Apple Flames 5

Apple ‘amateur hour’ – old media vs new media

When Apple launched podcasting as part of iTunes in February 2005 (creating the second wave of podcasters, fact fans) it seemed a victory for user-generated content, the new media vs gatekeeper approved old media – Hollywood and the big broadcasters. Soon though it became clear as independent podcasts got shoved off the homepage and then the chart for NPR, BBC and major media players that despite the Ghandi ‘you too can be a creative!’ spiel that Apple was in thrall with the old media and not the new.

Now with the (re?)launch of AppleTV* Steve Jobs calls such non-Hollywood content ‘amateur hour’ – this doesn’t surprise me given the level of Hollywood cocksucking Apple has been doing, from DRM to podcasts and iTunes programming – but it might be to those older guard that bought the message that Apple was the 1984-style revolution, rather than the same-old same-old. RCA rather than FRB, as history has proved.

This is partly what killed podcasting, stopped it being a true revolution with real voices and ended up with pseudo-‘real’ vox pop shows, stealth subvertising and sublebrity gossip pap. The voices were there, the content was there, and the old guard who had the fire – and still do – are still going, but really as a force to threaten the monopoly of old media it is dead. The other part of this was the terrible and inept attempt to ‘monetize’ podcasting before it ever had a chance to mature – a goldrush which also took the wind out of it’s sails. Interesting that most of the podcasters or people who made a big thing of this are either no longer podcasting or part of their companies (like Adam Curry who has left Mevio, formerly BT Podshow, formerly Podshow…) or not carrying advertising or co-pro deals anymore.

The ones left do it for the love of it…and mostly were the original old guard. They didn’t jump on it as a money making scheme, and so thus when the sponsors and PR-puff has evaporated they’ve kept going. We never needed Apple, nor BT Podshow/Mevio or NPR or BBC…but it’s sad to think what might have been, a real revolution in user generated content actually threatening the mainstream, rather than podcasting now seen as a rather quaint adjunct to blogging, and a passing fad, or as another output dumping channel for pre-done broadcast shows, a marketing option ticklist along with RSS and email lists…

As has been pointed out with the iPhone and now iTunes Ping Apple likes it’s closed systems, walled gardens, control. I suspect this is the reason for the push of gatekeeper approved old media – it’s reliable, inoffensive, bland, readymade and easily repackaged and keeps the advertisers and sponsors happy.

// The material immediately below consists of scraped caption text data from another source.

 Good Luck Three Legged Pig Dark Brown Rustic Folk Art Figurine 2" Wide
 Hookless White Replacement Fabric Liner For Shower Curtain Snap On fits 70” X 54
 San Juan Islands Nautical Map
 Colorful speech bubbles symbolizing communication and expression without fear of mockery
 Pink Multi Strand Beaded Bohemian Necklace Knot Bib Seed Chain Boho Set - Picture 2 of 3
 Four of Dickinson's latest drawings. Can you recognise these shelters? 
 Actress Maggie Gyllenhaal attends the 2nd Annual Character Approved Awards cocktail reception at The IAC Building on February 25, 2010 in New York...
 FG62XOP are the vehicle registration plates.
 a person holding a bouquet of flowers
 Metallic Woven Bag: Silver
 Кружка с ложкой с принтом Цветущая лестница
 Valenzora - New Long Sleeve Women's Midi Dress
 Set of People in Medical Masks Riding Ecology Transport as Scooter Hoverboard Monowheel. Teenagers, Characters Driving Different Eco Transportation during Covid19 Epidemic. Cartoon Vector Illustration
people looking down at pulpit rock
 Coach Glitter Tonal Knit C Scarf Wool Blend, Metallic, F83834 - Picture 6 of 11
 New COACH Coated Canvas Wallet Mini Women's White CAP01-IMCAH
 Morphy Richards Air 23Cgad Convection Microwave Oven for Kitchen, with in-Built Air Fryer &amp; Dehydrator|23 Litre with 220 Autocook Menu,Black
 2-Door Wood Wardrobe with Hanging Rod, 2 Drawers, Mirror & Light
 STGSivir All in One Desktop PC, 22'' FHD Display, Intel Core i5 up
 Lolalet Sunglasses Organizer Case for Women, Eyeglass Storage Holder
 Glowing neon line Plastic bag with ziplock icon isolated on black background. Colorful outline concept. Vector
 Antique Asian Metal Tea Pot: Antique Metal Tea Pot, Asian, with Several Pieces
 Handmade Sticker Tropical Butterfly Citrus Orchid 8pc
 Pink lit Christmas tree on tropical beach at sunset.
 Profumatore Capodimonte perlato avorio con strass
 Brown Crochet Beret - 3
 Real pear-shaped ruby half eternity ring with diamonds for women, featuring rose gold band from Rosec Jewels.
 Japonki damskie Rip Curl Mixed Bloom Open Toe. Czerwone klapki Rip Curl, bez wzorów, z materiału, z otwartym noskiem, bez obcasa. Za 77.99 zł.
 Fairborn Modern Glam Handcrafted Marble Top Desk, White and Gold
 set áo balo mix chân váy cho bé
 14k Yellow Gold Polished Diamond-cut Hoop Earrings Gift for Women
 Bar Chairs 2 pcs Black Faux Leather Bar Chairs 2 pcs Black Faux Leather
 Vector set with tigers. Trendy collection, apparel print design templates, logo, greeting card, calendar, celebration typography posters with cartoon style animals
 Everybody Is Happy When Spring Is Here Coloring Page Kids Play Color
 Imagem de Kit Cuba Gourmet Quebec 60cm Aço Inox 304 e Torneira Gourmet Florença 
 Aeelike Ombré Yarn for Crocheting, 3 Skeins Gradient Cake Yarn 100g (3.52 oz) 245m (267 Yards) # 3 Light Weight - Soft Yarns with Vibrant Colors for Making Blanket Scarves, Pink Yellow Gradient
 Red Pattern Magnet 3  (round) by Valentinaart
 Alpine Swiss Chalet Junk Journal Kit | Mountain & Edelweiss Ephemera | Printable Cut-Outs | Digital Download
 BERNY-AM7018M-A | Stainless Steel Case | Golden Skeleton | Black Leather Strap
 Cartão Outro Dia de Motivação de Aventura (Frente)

What it lacks is independence, creativity, new ideas and truly new content – and this is surprising for a company that used to pride itself in having those values. Apple really has become a mainstream media whore, from DRM, iTunes and iPod sucking up to the music industry to Apple TV and iTunes video now doing same to Hollywood and TV companies. But how sustainable is it to serve up the same old slop – how can Apple really differentiate itself by repackaging content like that – especially when unlike the novelty of new devices like iPod watching video on a computer screen is well out the gate – see YouTube, iPlayer, Hulu et al for that. I do think in the near future we’ll see the walled garden approach as quaint and rather old-fashioned.

So maybe Apple shouldn’t be so sniffy about ‘amateur’ content – because independent producers can and will produce all those, if Apple lets them, rather than sidelining them as a freakshow. Seems strange to be simultaneously associated with podcasting because of early adoption and support, then , or keep them off the podcasting page in preference for repackaged old media shows you can get elsewhere? I’d have thought having unique content was a priority, maybe I was wrong…* a product that will probably go the way of iTunes Ping because really, non-techy people do not associate computers with televisions, even after 20 years of trying to ‘synergise’ them into one device. The wins that Apple and others have made putting a computer in nearly every home, that separation still exists despite Microsoft and it’s media centre and AppleTV’s lack of takeup. I’m not surprised, it’s similar to HiFi – yes you can get a combined system to do everything, but why settle for a device that does everything but at a price of limited quality or features – when existing and more socially acceptable separate devices do so much more at higher quality? Consumers are not dumb…

Comments

One response to “Apple ‘amateur hour’ – old media vs new media”

  1. Deek Deekster avatar

    A succinct analysis. As well as dominating markets and removing opportunities for new talent to emerge Apple’s TV and Hollywood whoring also extends toapplying prurient morality to their online content – nipples are evil, etc. Censorship up with which we must not put.